Today, with the exception of a few Protestant denominations in the U.S. and Europe, no extant western faith is proactive in acceptance of transgenderism. Meanwhile, the wealthiest and most powerful churches exert undue influence on society in opposing the rights and dignity of gay, lesbian, and gender-nonconforming individuals. Among transgender women, I’m fortunate to live in a house with a loving partner and a supportive family. I consider myself particularly blessed that my biological mother and father accept me.
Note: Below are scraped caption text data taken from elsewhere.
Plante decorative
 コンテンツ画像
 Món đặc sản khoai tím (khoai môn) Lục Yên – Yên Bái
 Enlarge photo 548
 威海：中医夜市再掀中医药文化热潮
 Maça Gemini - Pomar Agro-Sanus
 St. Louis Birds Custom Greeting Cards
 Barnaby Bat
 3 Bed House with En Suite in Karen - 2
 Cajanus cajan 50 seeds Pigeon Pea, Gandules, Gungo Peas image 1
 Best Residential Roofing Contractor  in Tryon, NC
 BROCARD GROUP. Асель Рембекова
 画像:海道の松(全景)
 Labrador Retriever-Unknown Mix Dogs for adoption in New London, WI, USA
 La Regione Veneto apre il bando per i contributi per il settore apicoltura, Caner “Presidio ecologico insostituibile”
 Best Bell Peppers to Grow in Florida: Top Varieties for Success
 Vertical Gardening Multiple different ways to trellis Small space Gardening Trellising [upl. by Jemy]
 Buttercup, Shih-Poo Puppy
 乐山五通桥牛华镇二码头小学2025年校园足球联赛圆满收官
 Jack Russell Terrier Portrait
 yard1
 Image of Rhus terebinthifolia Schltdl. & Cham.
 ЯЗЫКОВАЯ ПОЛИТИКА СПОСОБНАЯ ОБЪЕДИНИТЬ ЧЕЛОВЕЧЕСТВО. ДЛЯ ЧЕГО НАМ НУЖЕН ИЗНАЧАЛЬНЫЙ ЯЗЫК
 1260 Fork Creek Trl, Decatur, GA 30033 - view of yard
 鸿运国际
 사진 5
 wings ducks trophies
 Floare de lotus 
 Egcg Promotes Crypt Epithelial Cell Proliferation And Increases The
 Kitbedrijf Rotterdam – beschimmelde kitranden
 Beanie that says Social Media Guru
In this manner, my parents reflect Mother Cybele’s acceptance of Her intersexed child, Agdistis. This also demonstrates how tolerance and acceptance are the foundation of family stability. I lack only my spiritual home at the side of a Restored Goddess. Too many of my gender-nonconforming sisters and brothers suffer full, physical homelessness, their hopes and stories becoming lost to the human experience, just like the manuscripts of the Library of Alexandria. Thus I yearn, hope, and pray for the well-being of those the Great Mother Cybele would recognize as her own.